■ EXERCISE BRIEF:
Lines from the one containing "Roze Sleehak Sandalen voor Meisjes" through the last line of the data are to be repeated word for word, both ends included.

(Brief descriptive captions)

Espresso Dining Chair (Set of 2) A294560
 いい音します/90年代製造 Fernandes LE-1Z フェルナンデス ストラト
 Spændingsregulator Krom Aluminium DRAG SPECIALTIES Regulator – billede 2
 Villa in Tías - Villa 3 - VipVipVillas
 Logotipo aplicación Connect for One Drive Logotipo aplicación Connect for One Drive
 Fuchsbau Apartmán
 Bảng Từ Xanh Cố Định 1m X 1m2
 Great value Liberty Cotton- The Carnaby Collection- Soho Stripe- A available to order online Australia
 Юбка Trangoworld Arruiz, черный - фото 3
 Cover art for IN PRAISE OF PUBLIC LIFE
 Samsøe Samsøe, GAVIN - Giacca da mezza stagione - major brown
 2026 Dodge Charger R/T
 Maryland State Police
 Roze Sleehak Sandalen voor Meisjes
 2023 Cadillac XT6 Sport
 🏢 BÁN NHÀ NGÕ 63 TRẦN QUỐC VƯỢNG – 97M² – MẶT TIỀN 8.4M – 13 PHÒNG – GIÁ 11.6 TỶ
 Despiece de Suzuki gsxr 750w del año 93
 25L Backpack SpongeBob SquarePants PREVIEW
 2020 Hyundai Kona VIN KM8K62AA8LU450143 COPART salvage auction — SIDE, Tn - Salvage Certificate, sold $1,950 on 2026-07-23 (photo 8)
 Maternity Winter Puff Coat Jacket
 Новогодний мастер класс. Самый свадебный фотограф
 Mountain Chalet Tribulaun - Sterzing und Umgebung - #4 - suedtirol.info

■ WRITTEN SOLUTION:
 Roze Sleehak Sandalen voor Meisjes
 2023 Cadillac XT6 Sport
 🏢 BÁN NHÀ NGÕ 63 TRẦN QUỐC VƯỢNG – 97M² – MẶT TIỀN 8.4M – 13 PHÒNG – GIÁ 11.6 TỶ
 Despiece de Suzuki gsxr 750w del año 93
 25L Backpack SpongeBob SquarePants PREVIEW
 2020 Hyundai Kona VIN KM8K62AA8LU450143 COPART salvage auction — SIDE, Tn - Salvage Certificate, sold $1,950 on 2026-07-23 (photo 8)
 Maternity Winter Puff Coat Jacket
 Новогодний мастер класс. Самый свадебный фотограф
 Mountain Chalet Tribulaun - Sterzing und Umgebung - #4 - suedtirol.info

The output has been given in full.